Bino,
I sorta agree. U/D speed at the plug has always been the issue. You have to PAY to PLAY. I have watched as our members upgraded to faster speeds over the years. A member of this conundrum is chronically willing to tell me I remain lame at 50mbps (sync). I chuckle; and pay my bill. One day that person will be 'retired' and no longer subject to his corporate donor, or, big paycheck. No matter. I do so remember dial-up.
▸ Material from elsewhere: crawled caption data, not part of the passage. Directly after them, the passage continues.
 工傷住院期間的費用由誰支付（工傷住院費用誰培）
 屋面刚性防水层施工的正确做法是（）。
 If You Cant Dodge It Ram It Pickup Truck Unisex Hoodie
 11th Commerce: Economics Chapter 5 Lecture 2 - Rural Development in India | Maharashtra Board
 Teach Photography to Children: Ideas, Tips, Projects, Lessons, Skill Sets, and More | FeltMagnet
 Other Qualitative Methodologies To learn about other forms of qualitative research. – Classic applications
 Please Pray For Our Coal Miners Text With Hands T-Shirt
I still have my pair of Courier Modems (just in case)!
Good Point.
Best,
Duncan


On 03/30/2011 17:13, Bino Gopal wrote:
Really?  Excepy for the lack of decent upload speeds-have you tried uploading 
5GB all at once to share something with a friend...not until 10+ Mbps is the 
easily accessible standard will we see the end of USB flash drives methinks! :P


Date: Wed, 30 Mar 2011 09:40:37 -0400
From: [email protected]
To: [email protected]
Subject: Re: [H] $1000 / yr for 1TB of Cloud?
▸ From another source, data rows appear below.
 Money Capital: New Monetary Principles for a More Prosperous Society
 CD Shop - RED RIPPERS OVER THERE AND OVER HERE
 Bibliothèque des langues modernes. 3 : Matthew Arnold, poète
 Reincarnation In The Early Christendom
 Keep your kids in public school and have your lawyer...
The cloud drive service is targeted at consumers, rather than
businesses.  So, how many consumers would be willing to spend $1000 / yr
for 1 TB of off-line backup in these days of super dirt cheap TBs and
still slow upload speeds?

Interestingly, you can get 5GB from Amazon, 5 GB from SugarSync, and 2
GB from Dropbox without doing anything beyond opening an account.  For
short term projects, that's plenty of cloud storage.  It's a boom for
anyone who takes work between multiple locations.  The end of the
thumb/flash drive.

On 3/30/2011 7:16 AM, Stan Zaske wrote:
Just saw this over at HardOCP:

https://www.amazon.com/clouddrive/learnmore


On Tue, 29 Mar 2011 20:51:38 -0500, Winterlight
<[email protected]>  wrote:

small business, like medical corporations, Law firms, Architectural,
Development, companies ...any that makes a lot of money and doesn't
have a dedicated IT department. Being able to auto backup, off site,
incrementaly, saftly, with a reliable source for a grand a year is a
bargain

At 06:02 PM 3/29/2011, you wrote:
This seems weird to me. Amazon is offering 1TB of cloud for $1000/yr.
So, you can keep your stuff backed up&  sync'ed for $1000/yr.  Hehe.
Who exactly is going to go for this?  For way less than that, I can
get several 1TB HDs and cycle backup drives to/from the office or
even a safe in the PO.  And who has fast enough upload speeds to
make backing this data up online feasible?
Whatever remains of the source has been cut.